Losing Your Identity

While discussing Colson Whitehead’s use of teeth in Zone One, Emma and I began to reflect on the significance of teeth historically. During the Holocaust, people were viewed as objects, so the qualities that defined them as unique individuals were stripped of them. Nazis separated families from each other, cut off the hair of women, burnt people, placed Jews in gas chambers, and even forcefully removed teeth of individuals with gold fillings. As mentioned in the article “The Painful Truth About Teeth”, teeth are an important aspect of our life. Dental treatment ultimately has a large impact on our quality of life and proves to be an extremely precious form of care.

As we know, the Nazis behaved in a very careless manner lacking any form of empathy. They specifically used the gold from these extracted teeth for their own dental treatments and to add to the Nazi gold reserves. By forcefully removing these teeth, the Nazis were in a sense taking away the identity of the individual. At work, I often have to collect extracted teeth for dental research. So, when you collect a pile of teeth you don’t know where or from whom each tooth has come from. In this situation, the piles of teeth that the Nazis collected were no longer reminiscent of a human being. Instead, they were just piles of valuable teeth that were once precious to the individuals which they belonged to. In my opinion, this is one manner in which people lost their uniqueness and self-identity during the Holocaust.
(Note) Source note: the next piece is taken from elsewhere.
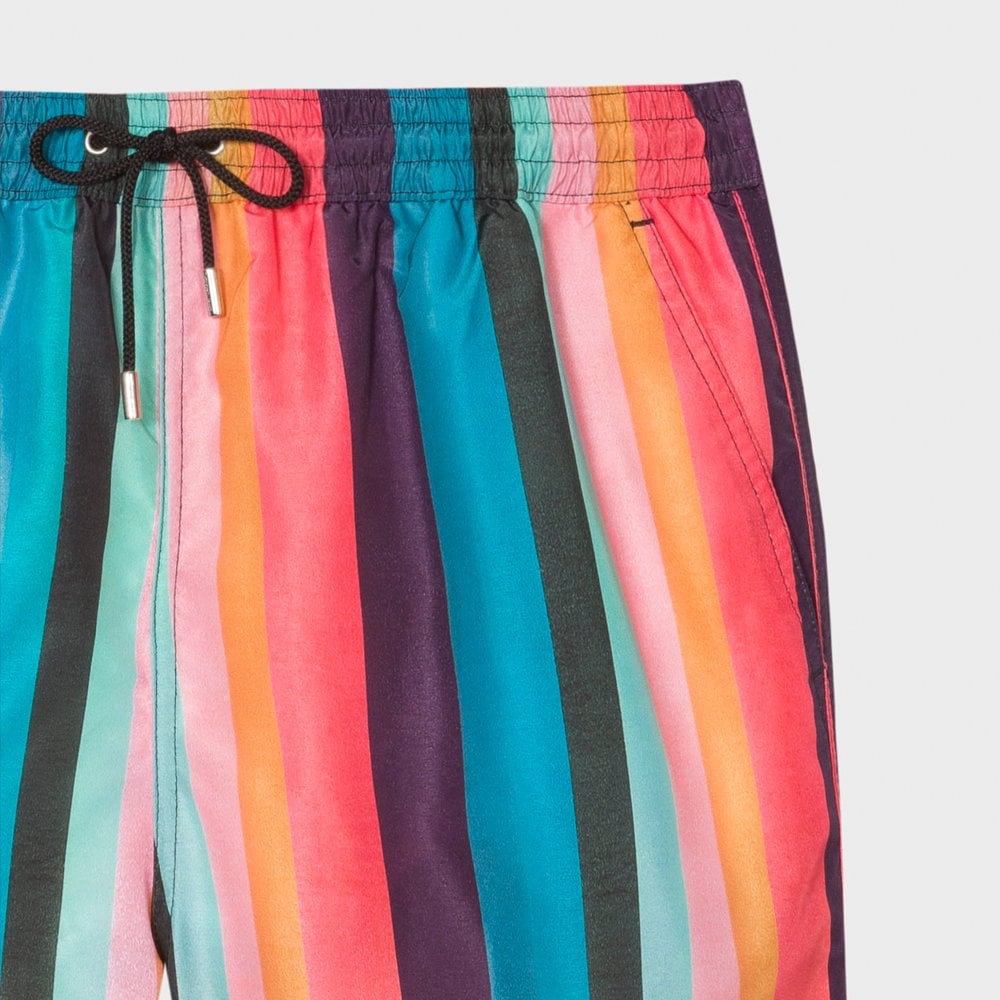 - 'Artist Stripe' Print Swim Shorts - Multi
This idea of losing your identity parallels with Zone One, and Mark Spitz description of the skels and stragglers. Mark Spitz states that “they [the skels] deserved release from their blood sentence… on their stalled journey from this sphere” (Whitehead 15). The skels and stragglers having been infected are stripped of their livelihood and identities similar to the Jews during the Holocaust. They have lost all of those qualities that make them unique in their now second, consuming and persisting lives. These stragglers express absolutely no emotion and appear to be lifeless, having lost any and all meaning behind their existence. In a sense you could consider these Holocaust survivors as being the same. In one of my previous blog posts I talked about the Holocaust survivor Eva Mozes Kor, and how she was separated from her family by the Nazis, for medical research, treated no less than a lab rat. These survivors lost their families and even parts of their bodies, both of which define a human being.

Throughout the novel, Mark Spitz often remarks on the teeth of the skels as being broken, black, with a decaying appearance (Whitehead 70, 108). This helps to demonstrate that every little piece or characteristic of our bodies, makes us unique. Thus even the smallest features of our body are extremely meaningful and precious as they provide us with an identity and a purpose in life.